A 49-year-old male was referred to Mayo Clinic for diagnostic evaluation of hypertrophic cardiomyopathy (HCM) based on an ECG 1 year earlier presented with 8 weeks of a periorbital rash. An ECG from that time noted concentric LV wall thickening, normal LV systolic function and grade 2 diastolic dysfunction. A trial treatment with angiotensin-receptor blockers and β-blockers was initiated, which had resulted in recurrent syncopal episodes. The patient had numbness of hands and erectile dysfunction, and recently presented with shortness of breath and orthopnoea. The patient’s physical examination was remarkable for orthostatic hypotension, periorbital purpura (Fig. 1A), and macroglossia with indentation marks (Fig. 1B). Respiratory examination showed bibasilar pulmonary crackles. Cardiac auscultation revealed S3 and S4 (although the latter is almost rarely present, presumably due to atrial dysfunction secondary to amyloid infiltration); neck examination showed increased jugular venous pressure of 15 cm H2O with profound peripheral oedema.

Figure 1

(A) Periorbital purpura. Arrows indicate purpura. (B) Macroglossia. Tongue shows lateral indentation marks (arrows). (C) Transthoracic apical 4-chamber showing a speckled pattern of myocardium and increased wall thickness (interventricular septum of 21 mm); thickening of interatrial septum, valves and right ventricular free wall; biatrial enlargement; and small pericardial effusion. (D) Electrocardiography showing low-voltage QRS in the limb leads. (E) Bone marrow core biopsy (haematoxylin and eosin, original magnification ×100) showing thickened periosteal blood vessels (a), with bone marrow core biopsy (Congo red, original magnification ×100) (b) in which arrows point to amyloid deposits in periosteum and blood vessel wall. Bone marrow aspirate (Wright–Giemsa, original magnification ×600) shows moderate increase in plasma cells (c), and subcutaneous fat aspirate (Congo red, original magnification ×100) (d) shows amyloid deposits (arrows). (F) Tissue and mitral Doppler inflow showing grade 3 diastolic dysfunction with a sharp deceleration time and low e′ with a high E/e′ ratio of 25, suggesting high LV filling pressures.

Investigation

Echocardiography was repeated, which revealed granular ‘sparkling’ appearance of myocardium, biventricular wall thickening, and thickening of interatrial septum and valves; severe diastolic dysfunction with moderately reduced LV ejection fraction; mild decrease in right ventricle systolic function; and small pericardial effusion (Fig. 1C; Videos 1 and 2). Electrocardiography showed low-voltage QRS complexes in the peripheral limbs (Fig. 1D).
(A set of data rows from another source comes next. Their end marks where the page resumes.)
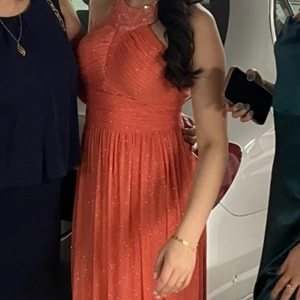 Balklänning - Korall rosa balklänning i mycket bra skick. Storlek S/36. Pris går att diskutera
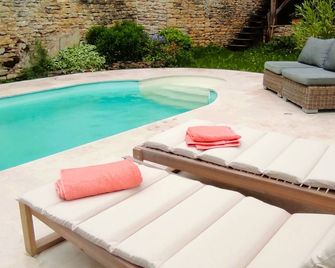 Villa Modéliacus - Villars-Fontaine - Zwembad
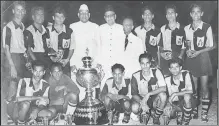  ?? HT FILE PHOTO ?? The Hyderabad Police team that won the Rovers Cup on November 23, 1957, beating Mohammedan Sporting 30 in the final in Bombay.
Laboratory workup was remarkable for free light chain (FLC) monoclonal protein in serum and urine; slight impairment of renal function and significant proteinuria. FLC-differential (FLC-diff) was 34.11 mg/dL, N-terminal fragment of brain natriuretic peptide (NT-BNP) was 11,518 pg/L, and cardiac Troponin T (cTnT) was 0.04 μg/L. Bone marrow biopsy was positive for Congo red staining (Fig. 1E), and the diagnosis of AL amyloidosis was confirmed with mass spectrometry. A diagnosis of CA mimicking HCM was made.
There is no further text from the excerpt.